There are some simple rules to follow to make a perfect buffalo mozzarella.

Rules followed to the letter by the La Vecchia family that, for this reason, stands out for years in the production of this precious stringy pasta product.


When milk, once arriving to the dairy, is ready to enter the process of “caseificazione”.  In the tank, it is brought to a temperature between 33 and 39° C; the whey from the processing of the day before, named “cizza”, is added to it together with natural rennet. This process is called natural leavening.

Once coagulated and acidified we proceed with the breaking of the casein lumps with the “spino” , a simple and ancient tool used by the cheese-maker to break the curd. At this stage of the work there is the separation between the solid part, the curd, and the liquid part of the milk, also called “sweet whey” from which the delicious buffalo milk ricotta will be made.

The curd is left to acidify under the whey until it is ripe or ready for the “filatura”: the stretching phase of the process. At this point only the hands of a skilled dairyman are able to stir the boiling water with the chopped curd in the tub to melt it, lift it, stretch it evenly without breaking it and to proceed with the actual stretching process.

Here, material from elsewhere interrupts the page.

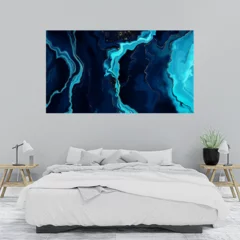 Obraz na płótnie w sypialni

Now it can be shaped into the 10-gram mozzarellas: bead, cherry, morsel; up to three kilograms: braids and knots included. The different shapes and weights can be obtained manually by the cheese maker himself, by his collaborators or with the help of machines. The “Mozzarella di Bufala Campana” is then placed in large tanks containing cold water, to ensure firming, and saline solution, to give the right degree of flavour.